Insiders have information that when published may affect the prices of the stocks traded and thus, they have an unfair advantage over manipulating the amount of profit or loss they could make over the trade of stocks. The SEBI (Prohibition of Insider Trading) Regulations, 2015 is one such provision that seeks to prevent insider trading while ensuring that every participant in the stock market is protected and ensures that the trading system is a fair and just space for all. 

The 2015 regulations which were last amended in August 2020, include details about the definition of terms, disclosure of trade details when it is by a connected person, UPSI sharing guidelines, and other ways that could help legalize the transaction. Regulation 3 talks about the steps that a company can take to the prevention of the spread of UPSI through confidentiality agreements between the party and the company. This could ensure that the information is not misused later by the third party who knows about the UPSI. Regulation 4 talks about trading while in possession of UPSI.

Only off-market inter-se transfers when not in violation of regulation 3 and the details are disclosed to the company within 2 days of the trade. The second exception is the trade through block deal window mechanism which is basically when there is a single transaction of a minimum amount of 5 lakh shares or a minimum value of Rs. 5 crores between two parties. This type of transaction occurs generally between institutional members and takes place on a separate trading window and happens at the beginning of the first 35 minutes of the trading hours. The recent amendment also suggested that all companies must have a digital database where information of the individuals with whom unpublished material information is shared along with any legally recognized identity proof. 

Regulations 8 and 9 talk about the formulation of a code of fair disclosure and code of conduct respectively by the board of directors of the company. this is to ensure that all trading activities by individuals who may be termed as “connected persons” will be monitored and to ensure that no breach of trust through sharing of UPSI has motivated the trade. The penalty for insider trading, however, is stated under Section 15 G of the SEBI, Act. The penalty imposed on members dealing through insider information will vary from ten lakhs rupees to 25 crore rupees or three times the profit made through the trade, whichever is the highest. Although such regulations are in place insider trading continues to take place. 

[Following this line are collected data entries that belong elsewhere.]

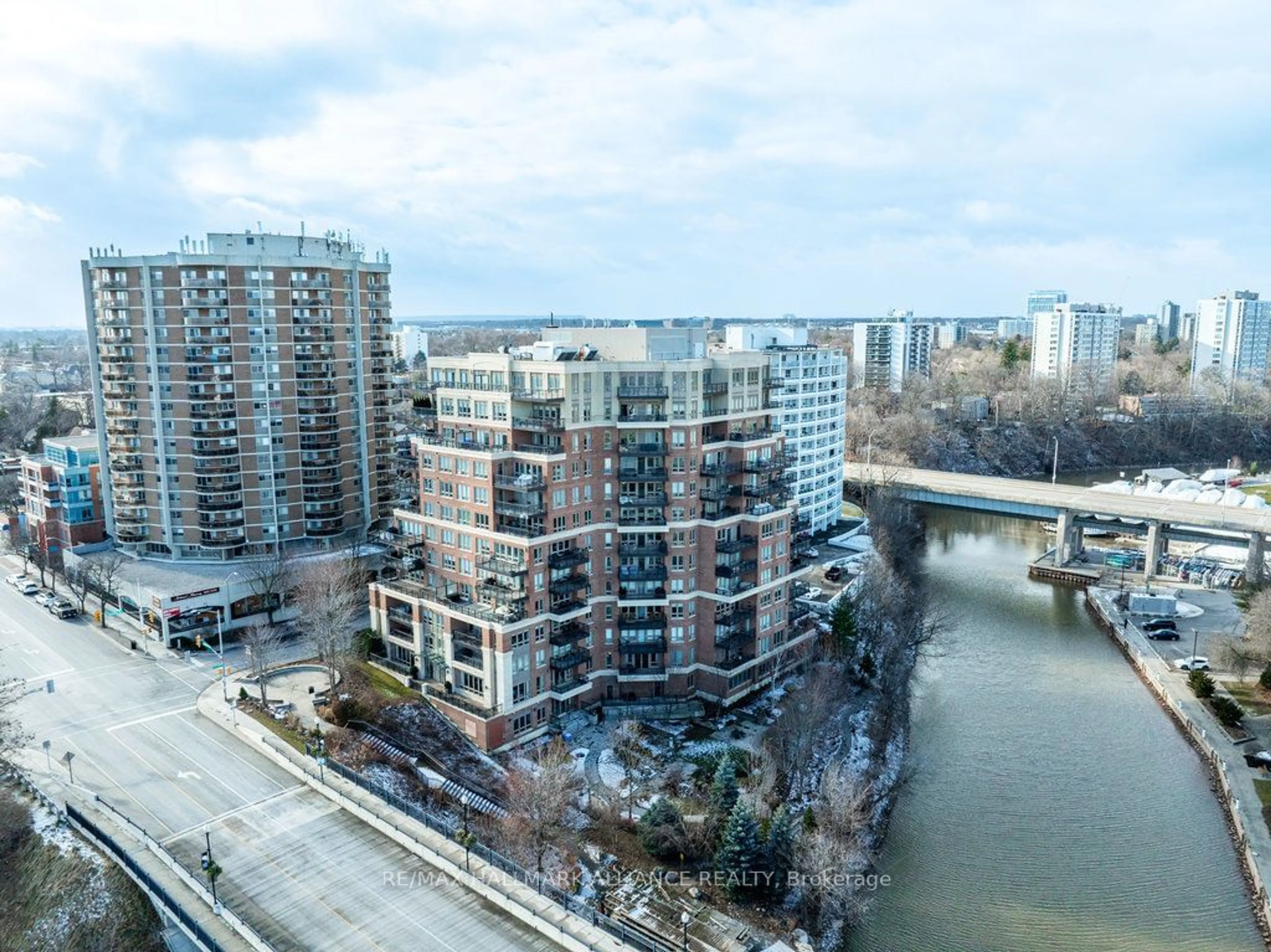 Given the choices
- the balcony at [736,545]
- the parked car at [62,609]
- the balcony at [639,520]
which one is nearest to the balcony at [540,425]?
the balcony at [639,520]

Strengthening the technical base to monitor and govern the transactions of traders can help in the internet era today. SEBI must also enhance their proof collecting systems as most of the leaked information can be through digital platforms like the WhatsApp leak case where the message origin could not be tracked down. Thus, employing a set of hackers and well-equipped technicians can help SEBI track down the insider. Further, as SEBI is the sole initiator and governing body of the securities market it can cause excess pressure in fulfilling all of its duties by overbearing its tasks. Hence, bifurcating the workload through an additional subordinate body to SEBI can make it easy for managing and overlooking its various functions.

Conclusion

SEBI’s main function is to protect and safeguard all parties in the stock market, but insider trading is one of the most difficult and complex activities to monitor and control. Insider trading can be considered as an inevitable outcome of the trading system however, it must be put under extreme scrutiny with stringent provisions to ensure that all traders have an equal footing to make a profit. At any given time, there will be a few members in a company in possession of material price-sensitive information thus, more laws and regulations related to insider trading are vital for the healthy growth of the stock market.